Attention to Quality Makes Norris Small Farmer of the Year 

April 22, 1998 


Garner, NC: Combining sound business sense with a passion for working the land helped Lesker Loyied Norris of rural Wake County earn the distinction of the state's small-scale farmer of the year.


Norris, of Garner, was named the recipient of the 1998 G. L. Dudley Small Farmer of the Year Award during a luncheon on the campus of North Carolina A&T State University.


U.S. Secretary of Agriculture Dan Glickman delivered the keynote address.


"I do business the way that business should be done," says Norris, who owns and operates a 42 acre farm five miles south of Garner, and 12 miles southeast of Raleigh, on the Wake/Johnston County line.


Norris, 60, has been farming and expanding his farmland since selling Norris Bait and Tackle, a general store that he and wife, Barbara, owned and operated until 1976. During that time, Norris also worked as a certified welder ­ a craft he used to create counters and other furniture in the general store.


Customer service and self-sufficiency are foundations that the Norrises brought with them from the general store to the farm, where they grow a variety of produce, from blueberries to potatoes.


"You're not going to get rich doing this," Norris said of farming a small plot of land. "But out here anyway, you're your own boss. When you run a store, every customer is your boss. Out here, I probably work harder, but it's stress-free work that I enjoy."


The Norrises began their farming career on the two acres where their house now stands. Their farming operation has since expanded to 42 acres ­ most of which they own.

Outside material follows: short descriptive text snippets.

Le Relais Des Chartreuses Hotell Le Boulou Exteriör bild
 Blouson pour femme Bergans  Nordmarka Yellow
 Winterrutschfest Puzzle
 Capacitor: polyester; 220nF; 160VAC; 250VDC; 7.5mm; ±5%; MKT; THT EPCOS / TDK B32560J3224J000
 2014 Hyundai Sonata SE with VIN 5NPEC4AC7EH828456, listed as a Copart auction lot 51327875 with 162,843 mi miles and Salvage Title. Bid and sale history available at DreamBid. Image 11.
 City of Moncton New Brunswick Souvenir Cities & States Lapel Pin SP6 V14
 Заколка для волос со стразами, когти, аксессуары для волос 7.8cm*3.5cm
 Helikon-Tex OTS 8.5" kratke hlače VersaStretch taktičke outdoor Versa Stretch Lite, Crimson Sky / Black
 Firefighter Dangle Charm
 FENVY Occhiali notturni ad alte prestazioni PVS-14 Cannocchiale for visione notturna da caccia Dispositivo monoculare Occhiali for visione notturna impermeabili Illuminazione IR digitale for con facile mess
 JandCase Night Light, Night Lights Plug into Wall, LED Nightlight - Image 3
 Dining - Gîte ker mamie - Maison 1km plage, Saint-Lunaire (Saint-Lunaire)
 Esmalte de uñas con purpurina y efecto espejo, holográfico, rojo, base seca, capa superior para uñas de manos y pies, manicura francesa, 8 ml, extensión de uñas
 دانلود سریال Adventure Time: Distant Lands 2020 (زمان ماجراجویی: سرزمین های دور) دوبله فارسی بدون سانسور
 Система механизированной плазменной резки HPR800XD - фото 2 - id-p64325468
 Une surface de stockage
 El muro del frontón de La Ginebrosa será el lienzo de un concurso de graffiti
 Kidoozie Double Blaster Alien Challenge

At the center of their land sits an eight-acre pond, which is home to a variety of fish and serves to irrigate sections of land where the Norrises grow produce.


"You have to have water if you hope to grow anything," said Norris, who uses a self-crafted machine to lay the black plastic through which he irrigates his row crops.


According to Barbara Norris, every day, except Tuesday afternoons and Saturday mornings, finds them tending to farm chores. On Tuesdays and Saturdays, they haul their produce to the Cary Downtown Farmer's Market, where they are greeted by throngs of loyal customers.


"We sell the best eating product, which isn't always the best market product," says Barbara. "Though prices and demand for another product might be better, unless we're convinced that what we're selling is the best we can produce, we won't sell it."


According to Norris, this adherence to quality has won them loyal customers who know that what they buy is good.


"If I tell them it's good, they know that it's good," said Norris, who says that he's willing to split open a melon and offer a taste, if a customer still has doubts.


Success wasn't immediate and didn't come without years of hard work for the Norris's farming operation. In fact, part of their land was once a landfill and subsequently almost barren.


"I used to tell people that if a rabbit was crossing my land, he'd bring his lunch," said Norris.


Only after years of carefully managing the land have the Norrises been able to transform it into the fertile ground it now is. According to Norris, a large factor in this transformation has been their practice of plowing leaves and other plant waste back into the land.


"We literally had to build this soil," said Mrs. Norris, who, along with her husband, gained part of her farming knowledge from growing up on a tobacco farm in Johnston County.


With the Raleigh metropolitan area creeping up on them, the Norrises acknowledge that their land is part of a "last oasis of farming in Wake County." However, Morris Dunn, a Wake County agricultural extension agent with the NC A&T's Cooperative Extension Program, says that the Norrises have done well in adapting their operation to meet the opportunities presented by a changing population.


"Loyied and Barbara have done an outstanding job of meeting customer demand," said Dunn, who works with the Norrises and nominated them for the NC A&T award. "The population of Wake County might be growing and changing, but people will always appreciate quality and honesty, and they will seek out those growers who can provide that. Loyied and Barbara have taken their experience as merchants with them into farming, and have become examples of everything that is right with small-scale agriculture."


The G. L. Dudley Small Farmer of the Year Award was presented to Norris on Small Farms Day, a day designated by Governor Jim Hunt and Commissioner of Agriculture James Graham to honor the nearly 40,000 small-scale farmers of North Carolina.


The G. L. Dudley Award is presented annually by the NC A&T Cooperative Extension Program to a small-scale farmer who exemplifies prudent stewardship of the land while optimizing resources and enhancing farm operations through Cooperative Extension programs.


Joseph L. Dudley, president of Dudley Products, Inc., established the G. L. Dudley Award in 1986, as a tribute to his father's commitment to higher education and appreciation of farming.